This section is from the book "A Manual Of Weeds", by Ada E. Georgia. Also available from Amazon: A Manual Of Weeds.
Sporobolus vaginiflorus, Wood
Native. Annual. Propagates by seeds. Time of bloom: July to August. Seed-time: August to September. Range: Maine to South Dakota, southward to Florida and Texas. Habitat: Dry, sterile fields; waste places.
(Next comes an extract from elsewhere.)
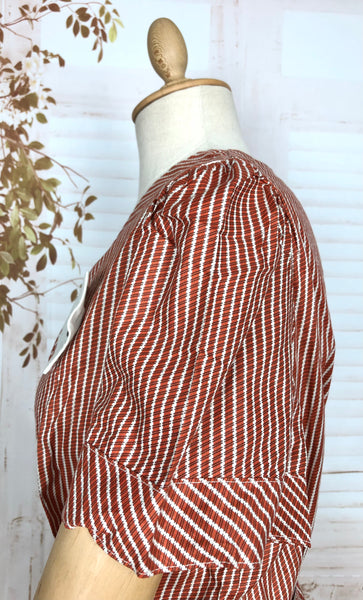 Amazing Original 1940s Volup Vintage Red And White Striped Day Dress By Happy Home Deadstock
A thin, dry, and worthless grass which should not be tolerated where anything better can be made to grow. Culms tufted, fifteen to twenty inches tall, slender, smooth, divergent, or sometimes erect. Sheaths about half as long as the internodes, loose and inflated; leaves short, less than an eighth of an inch wide, smooth beneath, rough at base above, involute toward the point, Panicles very numerous, included and partly concealed in all the upper sheaths, the terminal one only being usually exserted, one to two inches long; spikelets thin, the glumes unequal, long-pointed, smooth, the lower one shorter; lemma rough and hairy and exceeded in length by the palea which is very sharp-pointed. The seed is freely self-sown as it ripens, the spikelets dropping entire from the axis. (Fig. 20.)
Fig. 20.- Sheathed Rush-grass (Sporobolus vaginiflorus). X 1/5.
Cultivate and fertilize the ground, furnishing humus in order to enable it to retain moisture and support forage of a profitable quality.